* REQUIRED ACTION
This calls for a word-for-word copy of all the data, with each picture removed.

* Collected data
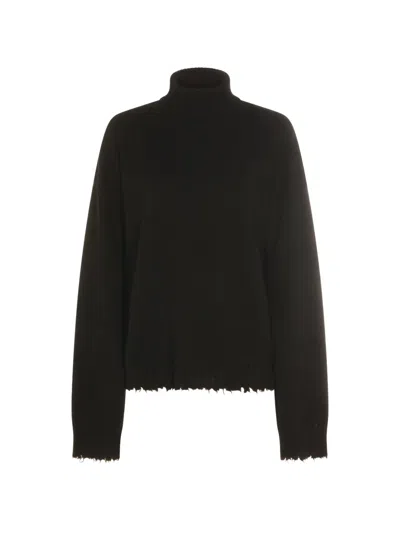 Uma Wang Roll-neck Frayed Sweater In Brown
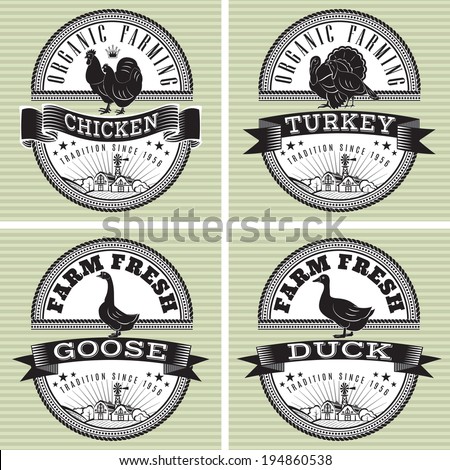 icons on vintage background rooster turkey goose duck icons on vintage background rooster turkey goose duck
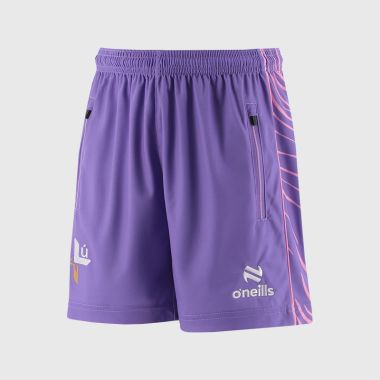 O&#039;Neills Louth GAA Kids&#039; Electro Training Shorts Purple / Pink / White
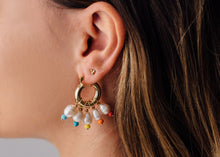 Load image into Gallery viewer, GOLD PEARL DROP EARRINGS WITH RAINBOW BEADS - SOLD OUT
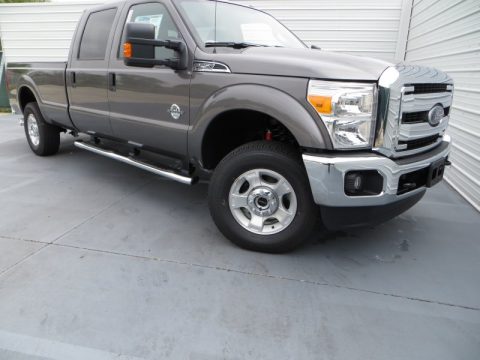 Sterling Gray Metallic Ford F250 Super Duty XLT Crew Cab 4x4.  Click to enlarge.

* TASK RESULT
 Uma Wang Roll-neck Frayed Sweater In Brown
 icons on vintage background rooster turkey goose duck icons on vintage background rooster turkey goose duck
 O&#039;Neills Louth GAA Kids&#039; Electro Training Shorts Purple / Pink / White
 Load image into Gallery viewer, GOLD PEARL DROP EARRINGS WITH RAINBOW BEADS - SOLD OUT
 Sterling Gray Metallic Ford F250 Super Duty XLT Crew Cab 4x4.  Click to enlarge.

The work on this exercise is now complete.